When his clock struck 10 and his phone still hadn’t rung, Schorer panicked, grabbed his cell, and called the auction house. No answer. He dialed again. Still nothing. He looked online. One platform showed bidding at $2,000, the other had it at more than $37,000. What was going on? He kept dialing frantically over and over. Sitting in the warm September sun inside his tiny Prius, the panic in his chest was growing by the second as he considered the possibility that he was going to miss the auction and lose his shot at the painting.
Finally, there was a voice on the other end of the line. “I was waiting for a call to bid on lot 2,” he said. “Hold on, hon. We are having a problem,” the woman replied. He stayed on the phone until they transferred him to someone who would relay his bids. Schorer breathed a sigh of relief that he hadn’t lost the painting. At least, not yet.
By the time he was squared away and ready to go, the bidding for the painting was at $37,500. That meant Schorer wasn’t the only one who thought this was a lost Rembrandt. He had knowledgeable competition. “Open at $50,000,” he told his phone bidder.
A competitor bid $60,000. Schorer bid $70,000. Someone else bid $80,000. And on it went as Schorer dueled it out in ten-thousand-dollar increments with two other bidders.
When the sale price reached $150,000, one of Schorer’s opponents bowed out. Now he was just one-on-one with a single competitor. Schorer had no idea who the person was, how deep their pockets were, or how high his opponent was willing to go. An auction usually takes a minute per lot, and they were nearing the five-minute mark. It was starting to feel like an eternity.

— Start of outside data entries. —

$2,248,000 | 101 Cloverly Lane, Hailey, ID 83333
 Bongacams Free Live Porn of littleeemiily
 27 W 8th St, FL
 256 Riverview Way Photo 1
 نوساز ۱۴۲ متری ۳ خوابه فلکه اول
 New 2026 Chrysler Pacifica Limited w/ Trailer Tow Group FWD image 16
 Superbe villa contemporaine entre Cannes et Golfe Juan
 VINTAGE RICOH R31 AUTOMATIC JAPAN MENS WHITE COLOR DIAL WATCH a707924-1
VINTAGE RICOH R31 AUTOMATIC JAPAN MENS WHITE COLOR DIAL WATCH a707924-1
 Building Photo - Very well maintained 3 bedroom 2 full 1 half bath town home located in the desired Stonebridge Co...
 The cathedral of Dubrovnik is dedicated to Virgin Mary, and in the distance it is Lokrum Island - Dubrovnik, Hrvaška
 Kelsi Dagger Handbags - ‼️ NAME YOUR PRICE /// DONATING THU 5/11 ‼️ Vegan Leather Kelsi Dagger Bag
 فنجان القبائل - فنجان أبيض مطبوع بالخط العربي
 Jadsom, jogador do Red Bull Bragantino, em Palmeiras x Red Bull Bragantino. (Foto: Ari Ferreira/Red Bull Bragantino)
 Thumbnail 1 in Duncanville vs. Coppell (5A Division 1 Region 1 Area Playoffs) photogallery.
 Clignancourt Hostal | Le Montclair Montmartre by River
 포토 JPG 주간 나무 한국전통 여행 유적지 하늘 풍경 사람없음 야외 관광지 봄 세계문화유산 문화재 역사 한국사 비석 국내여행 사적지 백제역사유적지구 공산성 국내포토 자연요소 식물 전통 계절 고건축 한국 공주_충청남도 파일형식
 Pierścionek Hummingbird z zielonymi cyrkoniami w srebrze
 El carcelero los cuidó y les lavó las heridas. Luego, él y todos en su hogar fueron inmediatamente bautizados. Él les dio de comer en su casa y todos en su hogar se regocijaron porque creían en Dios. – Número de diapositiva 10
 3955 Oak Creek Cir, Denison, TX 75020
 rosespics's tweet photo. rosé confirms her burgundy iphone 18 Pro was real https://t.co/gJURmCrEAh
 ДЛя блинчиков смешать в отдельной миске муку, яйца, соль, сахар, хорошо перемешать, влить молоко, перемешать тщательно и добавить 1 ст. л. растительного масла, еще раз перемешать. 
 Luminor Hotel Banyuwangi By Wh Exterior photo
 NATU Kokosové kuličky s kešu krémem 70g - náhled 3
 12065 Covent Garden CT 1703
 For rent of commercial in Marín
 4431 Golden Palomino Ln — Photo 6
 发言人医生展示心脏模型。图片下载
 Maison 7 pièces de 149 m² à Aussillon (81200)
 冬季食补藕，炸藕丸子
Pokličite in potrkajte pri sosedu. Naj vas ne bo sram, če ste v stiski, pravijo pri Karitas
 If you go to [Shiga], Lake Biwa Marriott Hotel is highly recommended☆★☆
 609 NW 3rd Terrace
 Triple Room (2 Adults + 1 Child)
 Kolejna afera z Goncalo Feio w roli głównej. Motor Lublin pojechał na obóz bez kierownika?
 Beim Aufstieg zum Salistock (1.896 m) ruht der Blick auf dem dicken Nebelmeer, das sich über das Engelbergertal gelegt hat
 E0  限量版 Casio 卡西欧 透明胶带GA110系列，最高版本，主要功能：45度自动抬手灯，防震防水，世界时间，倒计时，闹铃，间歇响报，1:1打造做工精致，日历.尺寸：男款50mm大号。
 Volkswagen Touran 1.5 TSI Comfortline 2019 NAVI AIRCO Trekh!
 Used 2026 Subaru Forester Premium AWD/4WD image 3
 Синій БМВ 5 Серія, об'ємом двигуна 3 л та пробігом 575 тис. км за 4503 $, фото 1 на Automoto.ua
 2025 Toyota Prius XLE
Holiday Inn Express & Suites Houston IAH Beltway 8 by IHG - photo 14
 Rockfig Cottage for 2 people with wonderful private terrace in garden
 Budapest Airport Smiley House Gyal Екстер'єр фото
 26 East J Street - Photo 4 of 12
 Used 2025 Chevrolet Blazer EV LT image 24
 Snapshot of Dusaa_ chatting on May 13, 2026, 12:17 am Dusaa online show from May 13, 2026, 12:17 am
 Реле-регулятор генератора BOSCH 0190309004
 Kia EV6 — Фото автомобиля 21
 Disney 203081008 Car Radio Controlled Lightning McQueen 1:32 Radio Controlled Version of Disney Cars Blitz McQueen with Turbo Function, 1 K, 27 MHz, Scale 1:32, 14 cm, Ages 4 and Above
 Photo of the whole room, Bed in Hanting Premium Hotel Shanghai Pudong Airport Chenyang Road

As the price neared $200,000, the auctioneer downshifted to $5,000 increments. When the price rose to $220,000, the auctioneer called out $225,000. “Would you go that high?” the phone bidder asked Schorer. He confirmed he would.
“I have $225,000; I’m looking for $230,000,” Schorer remembers the auctioneer saying. There was silence. “Do I have $230,000?” he called out again. Nothing. “Going once, going twice, sold,” he said. Schorer heard the hammer. It was finally over. The painting was his.
The moment after Schorer hung up the phone, it rang again. “Vas that you, Clifford?” a voice in a thick German accent said on the other end of the line. It was the competitor who Schorer had vanquished in the bidding: an Old Master scholar and a friend. Theirs was a very small world. Schorer now knew who he had been bidding against. And they both knew—or at least thought they did—what Schorer had just bought.
Schorer was elated, but then another feeling washed over him: dread. He faced enormous obstacles, and it could take years of research to overcome them. Schorer was convinced the painting he’d just spent $288,000 on (with the so-called buyer’s premium paid to the auction house) was the original painting last seen in 1935. But now he had to get it reintroduced into Rembrandt’s oeuvre. If he couldn’t prove it was a true Rembrandt, it would be worth much less. Maybe even less than what he had paid for it.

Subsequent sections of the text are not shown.